— Work order —
If a record below holds a picture, leave the picture out and copy the rest exactly.
*** Supplied information Section Begins ***
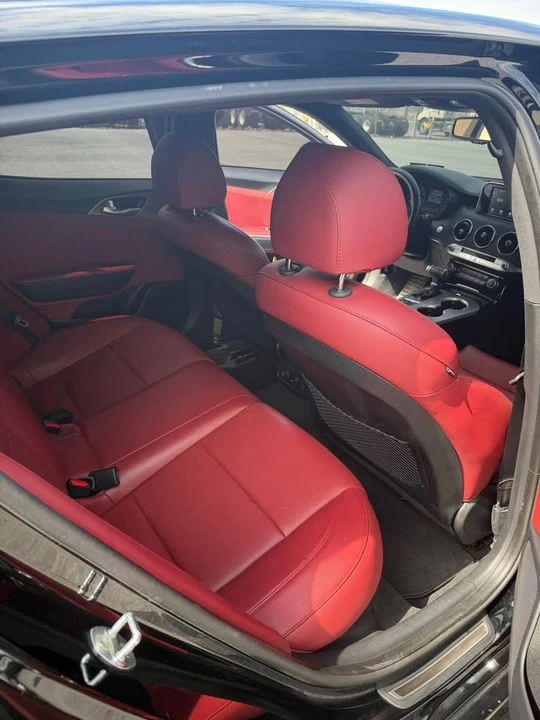 2019 Kia Stinger - Image 10 of 20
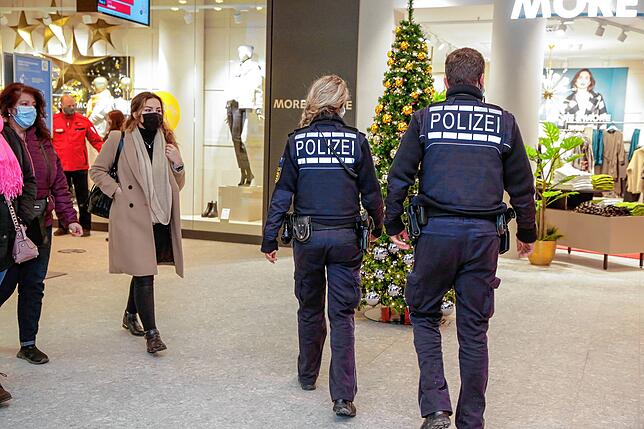 Bei der Eröffnung des Cano-Einkaufszentrums in Singen am 10. Dezember zeigte auch die Polizei Präsenz. Zum einen sollte ein mögliches, ...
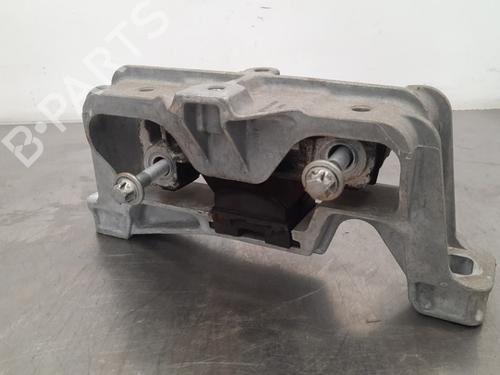 Engine mount MERCEDES-BENZ GLA-CLASS (X156) GLA 200 CDI / d (156.908) | BP15042329M89 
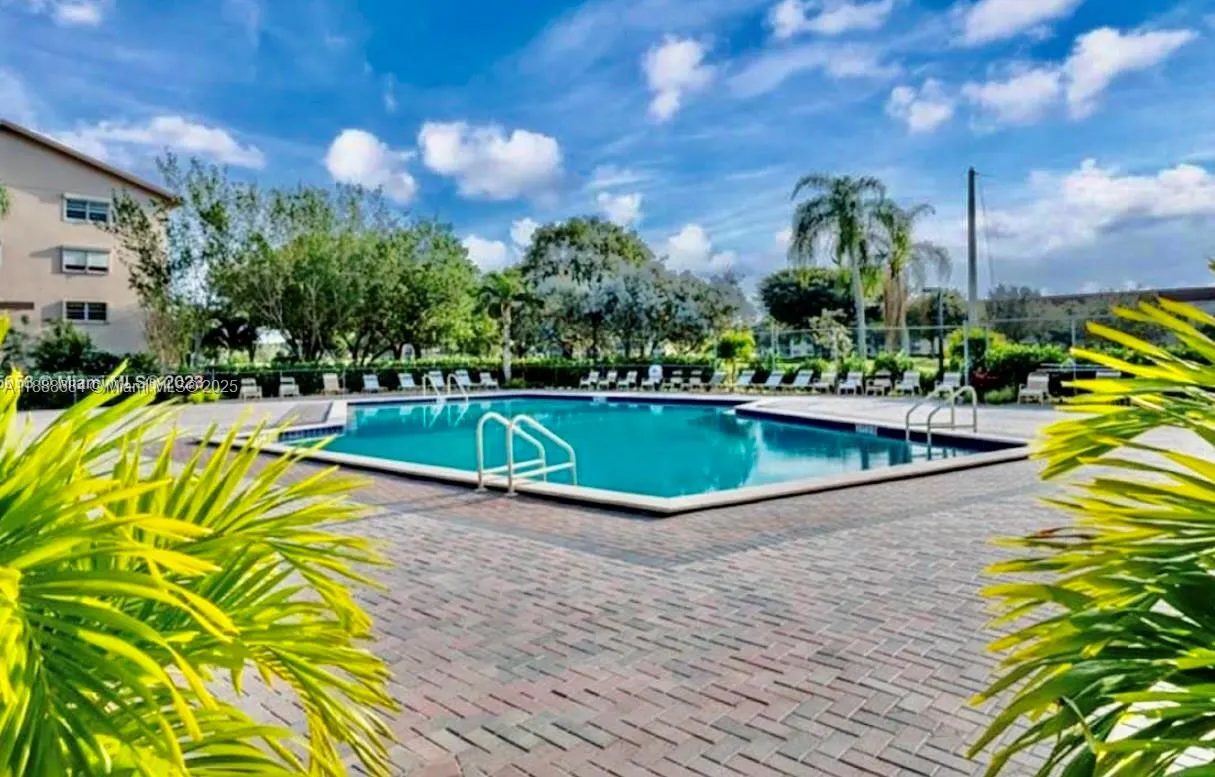 1151 SW 128th Ter, #402D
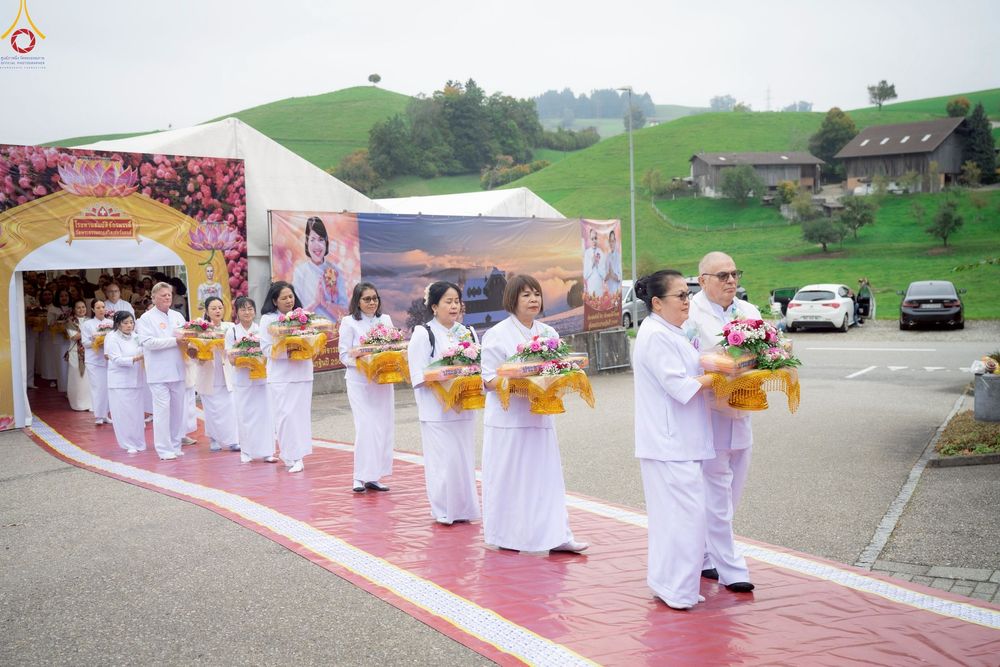 ภาพ No.256026:วันที่ 12 ตุลาคม พ.ศ. 2568 พิธีทอดกฐินวัดพระธรรมกายสวิตเซอร์แลนด์  ณ หอประชุมโรงเรียน Obergoldbach เมือง Bern ประเทศสวิตเซอร์แลนด์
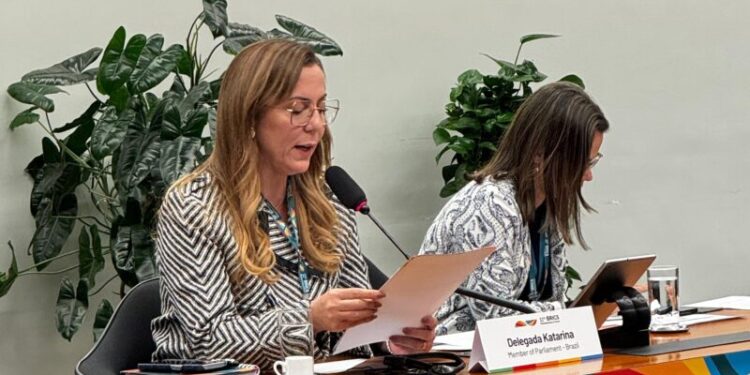 Delegada Katarina preside sessão de trabalho da Reunião de Mulheres Parlamentares do BRICS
*** Supplied information Section Ends ***
— Response area —
 2019 Kia Stinger - Image 10 of 20
 Bei der Eröffnung des Cano-Einkaufszentrums in Singen am 10. Dezember zeigte auch die Polizei Präsenz. Zum einen sollte ein mögliches, ...
 Engine mount MERCEDES-BENZ GLA-CLASS (X156) GLA 200 CDI / d (156.908) | BP15042329M89 
 1151 SW 128th Ter, #402D
 ภาพ No.256026:วันที่ 12 ตุลาคม พ.ศ. 2568 พิธีทอดกฐินวัดพระธรรมกายสวิตเซอร์แลนด์  ณ หอประชุมโรงเรียน Obergoldbach เมือง Bern ประเทศสวิตเซอร์แลนด์
 Delegada Katarina preside sessão de trabalho da Reunião de Mulheres Parlamentares do BRICS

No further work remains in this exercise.